If a trip meets the rules of the House, “we ought to allow members to do it,” Boehner told “Fox News Sunday.” “We can’t lock members up in a cubbyhole here in Washington and never let them see what’s going on around the country and around the world.”

As for his own trips, he said on NBC’s “Meet the Press” that “people invite me to go give speeches, and I go give them.”

At the same time, Boehner encouraged both political parties in the House and the Senate to continue discussing lobbying reform. The issue is likely to grow heated this year given the recent guilty pleas by lobbyist Jack Abramoff to federal fraud and conspiracy charges and the forthcoming trial of DeLay on state money-laundering charges in Texas.

“We need to deal with the underlying problems we have today,” Boehner told Fox News. “And I believe that disclosure of the relationship between those who lobby us, whether they be paid lobbyists here in Washington, those from agencies or others,” would “let the American people take a look at how this relationship works.”

Boehner did not offer any new specifics on tightening rules.

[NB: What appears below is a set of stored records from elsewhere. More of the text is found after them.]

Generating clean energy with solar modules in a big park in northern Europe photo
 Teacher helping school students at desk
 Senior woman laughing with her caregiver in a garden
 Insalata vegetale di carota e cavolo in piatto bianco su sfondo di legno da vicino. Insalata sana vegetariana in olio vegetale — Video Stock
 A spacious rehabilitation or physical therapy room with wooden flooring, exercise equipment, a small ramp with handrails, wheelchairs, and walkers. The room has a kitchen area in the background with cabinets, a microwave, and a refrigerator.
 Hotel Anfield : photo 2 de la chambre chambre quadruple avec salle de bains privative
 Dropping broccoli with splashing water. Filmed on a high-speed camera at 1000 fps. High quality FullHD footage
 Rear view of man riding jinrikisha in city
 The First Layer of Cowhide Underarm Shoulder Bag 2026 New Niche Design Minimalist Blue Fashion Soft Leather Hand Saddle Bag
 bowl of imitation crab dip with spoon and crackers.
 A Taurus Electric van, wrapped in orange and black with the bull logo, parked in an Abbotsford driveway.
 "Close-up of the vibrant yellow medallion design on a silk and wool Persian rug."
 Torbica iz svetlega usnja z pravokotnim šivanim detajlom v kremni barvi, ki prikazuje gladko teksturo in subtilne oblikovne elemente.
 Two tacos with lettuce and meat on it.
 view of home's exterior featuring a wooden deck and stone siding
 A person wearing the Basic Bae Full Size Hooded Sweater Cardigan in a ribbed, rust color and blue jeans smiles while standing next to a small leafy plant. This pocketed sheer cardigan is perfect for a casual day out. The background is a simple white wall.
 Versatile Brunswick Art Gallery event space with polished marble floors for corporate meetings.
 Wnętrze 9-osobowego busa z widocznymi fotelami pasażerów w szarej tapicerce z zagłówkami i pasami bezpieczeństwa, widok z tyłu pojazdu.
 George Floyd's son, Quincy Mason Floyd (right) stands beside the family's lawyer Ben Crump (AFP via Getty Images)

Since his elevation to the second-highest position in the House -- one that some political observers speculate could make him speaker, the top post, before the decade is over -- Boehner has come under attack for his own ties to lobbyists. On NBC, he defended those ties this way: “I’ve got 11 brothers and sisters; my dad owned a bar. What you see is what you get. And I’ve got a very open relationship with lobbyists in town.”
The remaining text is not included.